Test flights have so far been conducted from Stuttgart airport in southwest Germany, but the HY4 last week transitioned to Freidrichshafen, around 69nm (127km) to the south, to take part in the Aero general aviation show.

Kallo says the aircraft should return to its Stuttgart base on 1 May, allowing the resumption of flight-test activities, including further integration work with the airport.

This phase of testing should run until mid-June, when the aircraft will be dismantled and its current gaseous hydrogen fuel system replaced with one using liquid hydrogen.

Hy4 flying-c-H2Fly

Source: H2Fly

HY4 has now been taken to over 7,000ft

Ground trials of the upgraded aircraft – which will see its range at least doubled to 800nm – will then proceed from late-September onwards, he says; H2Fly hopes the trials will give it a better understanding of the requirements for ground handling and infrastructure.
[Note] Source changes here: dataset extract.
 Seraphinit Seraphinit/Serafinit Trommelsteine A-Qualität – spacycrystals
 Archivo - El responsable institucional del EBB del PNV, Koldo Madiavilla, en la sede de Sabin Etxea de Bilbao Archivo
Further flight testing, beginning towards the end of the year, will allow H2Fly to evaluate the performance of key components for a future 1MW-class powertrain on the smaller – and cheaper – 130kW system.

“The investment is too high if we do something wrong and we have to rearrange or rebuild the big system; that’s very expensive,” says Kallo.

The 1MW fuel cell powertrain will eventually equip a version of the Deutsche Aircraft D328eco, which is intended to enter service towards the end of the decade.

H2Fly has begun the process of preparation for part 21 design organisation approval, the first step towards achieving certification for the 1MW powertrain in around 2028.